Intended semantics for ``fence seq_cst``

Hi,

TL;DR: should we add a new memory ordering to fences?

``fence seq_cst`` is currently use to represent two things:
- GCC-style builtin ``__sync_synchronize()`` [0][1].
- C11/C++11's sequentially-consistent thread fence
``std::atomic_thread_fence(std::memory_order_seq_cst)`` [2].

As far as I understand:
- The former orders all memory and emits an actual fence instruction.
- The latter only provides a total order with other
sequentially-consistent loads and stores, which means that it's
possible to move non-sequentially-consistent loads and stores around
it.

The GCC-style builtin effectively does the same as the C11/C++11
sequentially-consistent thread fence, surrounded by compiler barriers
(``call void asm sideeffect "", "~{memory}"``).

The LLVM language reference [3] describes ``fence seq_cst`` in terms
of the C11/C++11 primitive, but it looks like LLVM's codebase treats
it like the GCC-style builtin. That's strictly correct, but it seems
desirable to represent the GCC-style builtin with a ninth
LLVM-internal memory ordering that's stricter than
``llvm::SequentiallyConsistent``. ``fence seq_cst`` could then fully
utilize C11/C++11's semantics, without breaking the GCC-style builtin.

From C11/C++11's point of view this other memory ordering isn't useful

because the primitives offered are sufficient to express valid and
performant code, but I believe that LLVM needs this new memory
ordering to accurately represent the GCC-style builtin while fully
taking advantage of the C11/C++11 memory model.

Am I correct?

I don't think it's worth implementing just yet since C11/C++11 are
still relatively new, but I'd like to be a bit forward looking for
PNaCl's sake.

Thanks,

JF

[0] http://gcc.gnu.org/onlinedocs/gcc-4.8.1/gcc/_005f_005fsync-Builtins.html
[1] http://gcc.gnu.org/bugzilla/show_bug.cgi?id=36793
[2] C++11 Standard section 29.8 - Fences
[3] http://llvm.org/docs/LangRef.html#fence-instruction

Hi,

TL;DR: should we add a new memory ordering to fences?

``fence seq_cst`` is currently use to represent two things:
- GCC-style builtin ``__sync_synchronize()`` [0][1].
- C11/C++11's sequentially-consistent thread fence
``std::atomic_thread_fence(std::memory_order_seq_cst)`` [2].

As far as I understand:
- The former orders all memory and emits an actual fence instruction.

- The latter only provides a total order with other
sequentially-consistent loads and stores, which means that it's
possible to move non-sequentially-consistent loads and stores around
it.

It still acts as an acquire/release fence for any other atomic
instruction. For non-atomic instructions, if you have a race, the
behavior is undefined anyway, so you can't get a stronger guarantee
than what "fence seq_cst" provides.

I think "fence seq_cst" is completely equivalent to
__sync_synchronize(), but you could convince me otherwise by providing
a sample program for which there's a difference.

struct {
  volatile int flag;
  int value;
} s;

int get_value_when_ready() {
  while (s.flag) ;
  __sync_synchronize();
  return s.value;
}

This is "valid" legacy code on some processors, yet it's not valid to
replace __sync_synchronize with an atomic_thread_fence because, in
theory, LLVM could hoist the load of s.value. In practice it currently
doesn't, but it may in the future if my understanding is correct.

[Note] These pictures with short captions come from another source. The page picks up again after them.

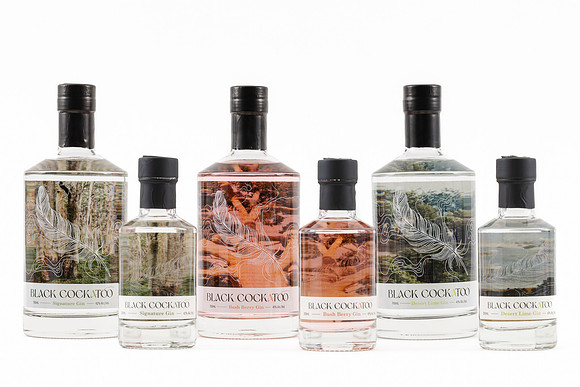 bcg 2309 bottles-42-(PRINT ONLY)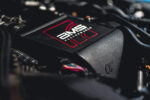 Q50/Q60 VR30 INTERCOOLERS - AMS PERFORMANCE - Image 8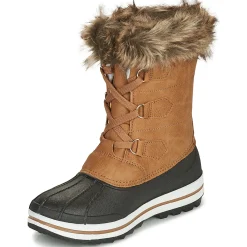 Kimberfeel - ADRIANA2 Beige New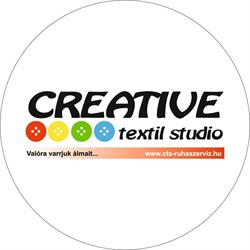 Creative Textil Studio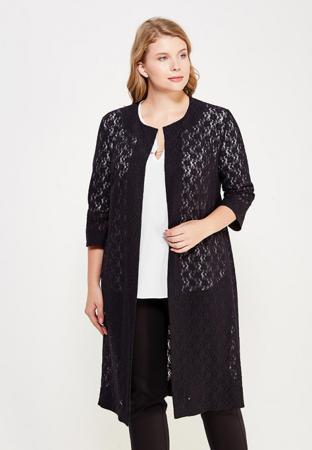 Кардиган Larro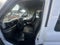2021 Ford Transit Passenger Wagon XLT M/Roof 12 Passenger
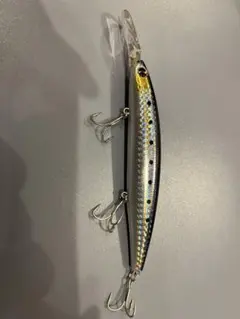 2026年最新】DAIWA ルアー・フライの人気アイテム - メルカリ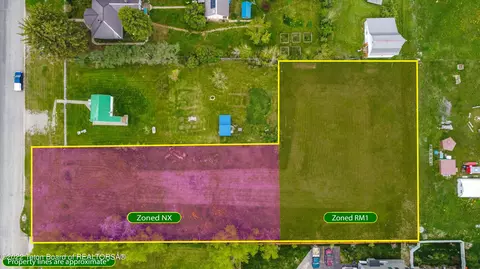 173 E Center St, Victor, ID 83455 photo 8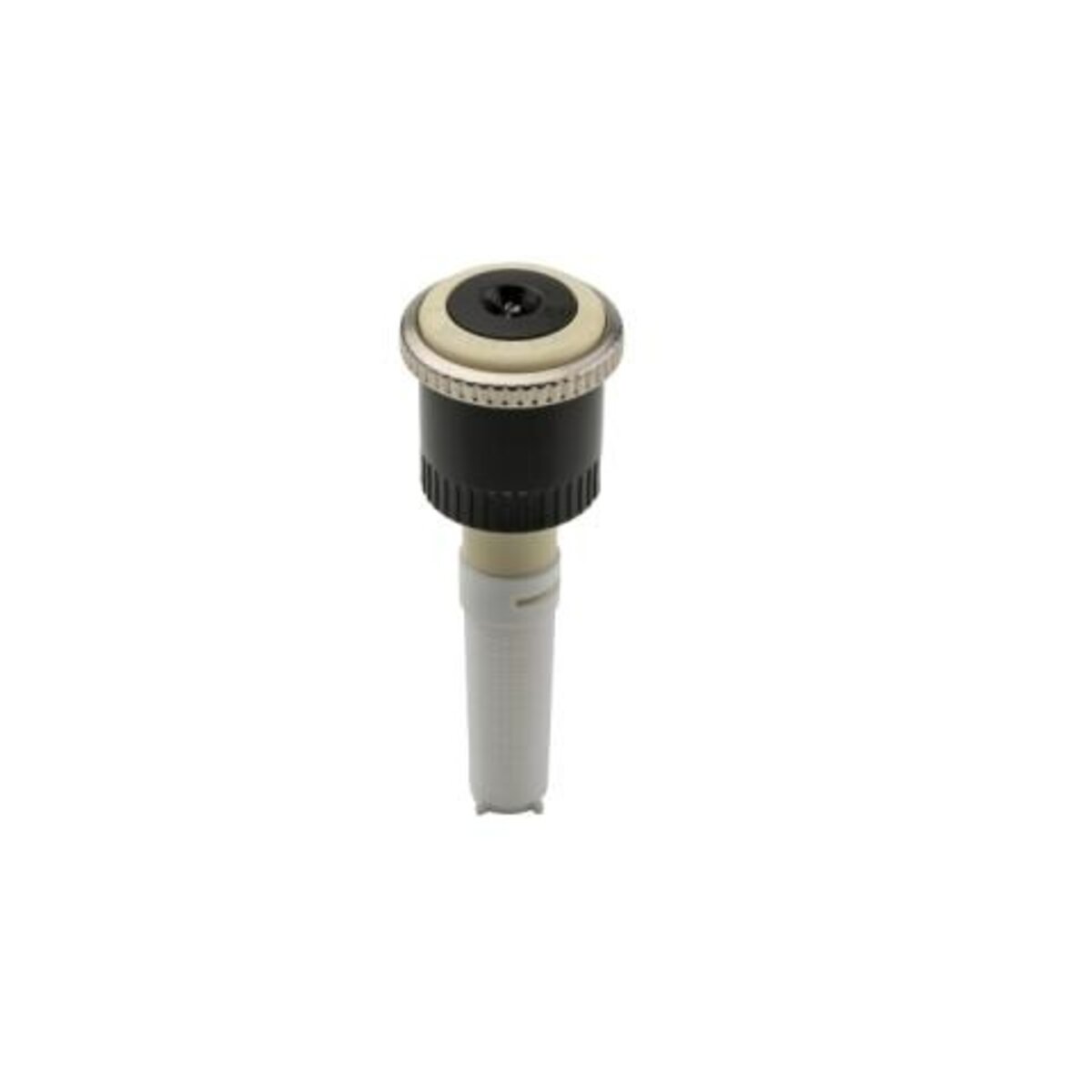 Hunter MP Rotator MP Strip Nozzle Left Corner Strip 5 ft. - 15 ft. | MPLCS515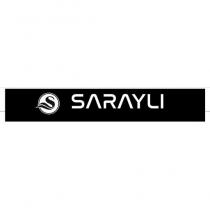 saraylı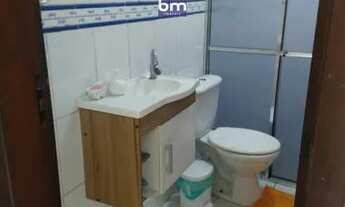 Imagem 4: Venda e locação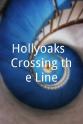 Christina Baily Hollyoaks: Crossing the Line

My main point is that LLVM needs to support code that was written
before C and C++ got a memory model, it doesn't matter that it's
undefined behavior and relies on a GCC-style builtin to be "correct".
The current standards offer all you need to write new code that can
express the above intended behavior, but __sync_synchronize isn't a
1:1 mapping to atomic_thread_fence(seq_cst), it has stronger semantics
and that's constraining which optimizations can be done on ``fence
seq_cst``. LLVM therefore probably wants to distinguish both, so that
it can fully optimize C++11 code without leaving legacy code in a bad
position.

Ok, so the semantics of your fence would be that it's a volatile
memory access (http://llvm.org/docs/LangRef.html#volatile-memory-accesses),
and that it provides happens-before edges for volatile accesses in the
same way that a seq_cst fence provides for atomic accesses.

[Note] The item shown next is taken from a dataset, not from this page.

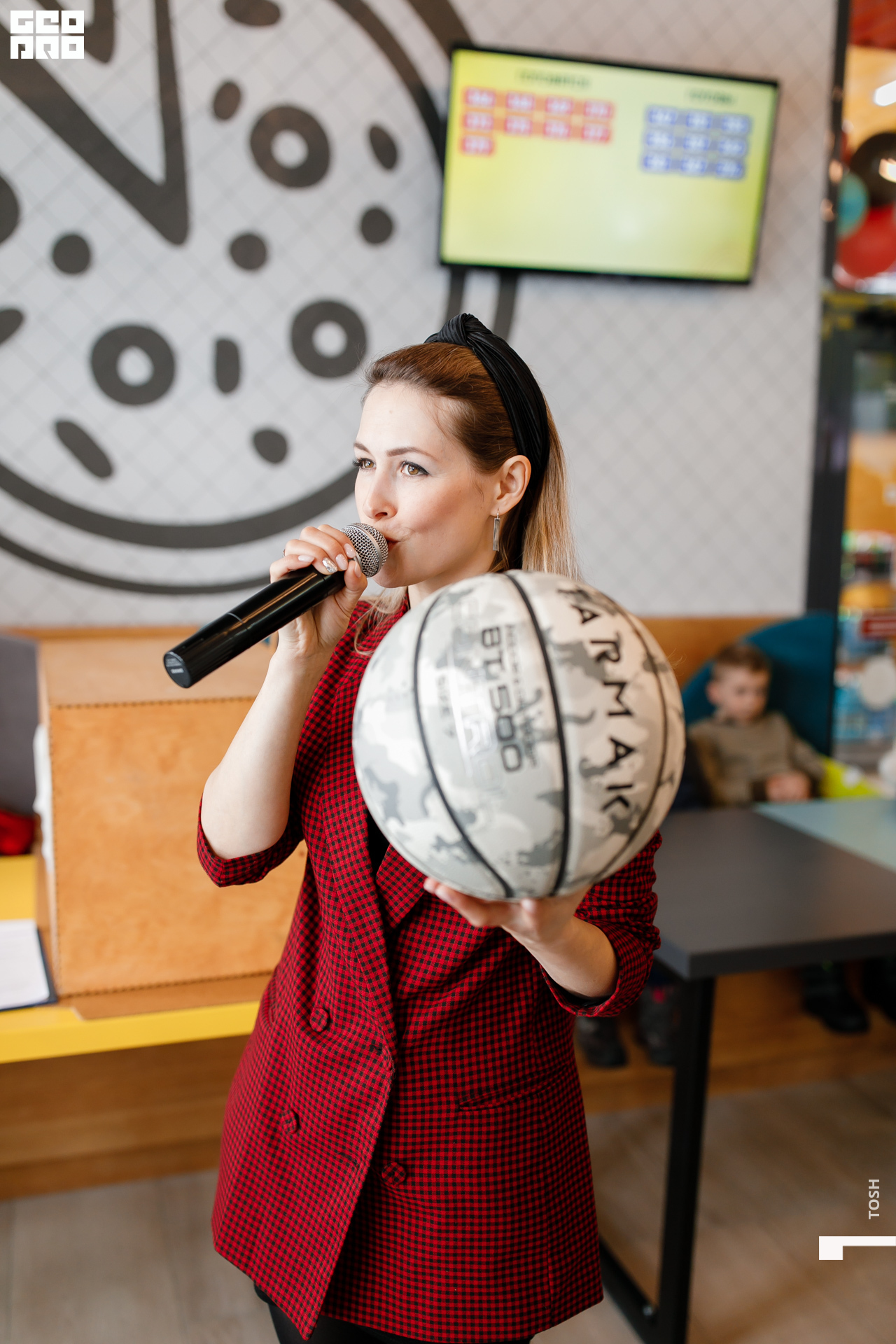 фото (68 из 201).jpg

FWIW, I don't think we should add that, because it's an attempt to
define behavior that's undefined for other reasons (the data race on
the volatile).

If you (PNaCl?) explicitly want to define the behavior of legacy code
that used 'volatile' for synchronization (which has always been
undefined behavior outside of assembly, even before the memory model;
it just happened to work in many cases), could you compile volatile
accesses to 'atomic volatile monotonic' accesses? Then the normal
memory model would apply, and I don't think the instructions emitted
would change at all on the platforms I'm familiar with.

Jeffrey

FWIW, I don't think we should add that, because it's an attempt to
define behavior that's undefined for other reasons (the data race on
the volatile).

I had a discussion with Chandler and others, and something I
misunderstood was pointed out: it is not an explicit goal of LLVM to
support or continue supporting legacy code that did what it had to to
express functional concurrent code. It may happen to work now, but
unless enough LLVM users express interest this may break one day, and
__sync_synchronize may not order anything (it may just emit a fence
without forcing any ordering). It was pointed out that it's not clear
that __sync_synchronize has a clear spec, and that implementing it
properly in LLVM may not be tractable or worthwhile.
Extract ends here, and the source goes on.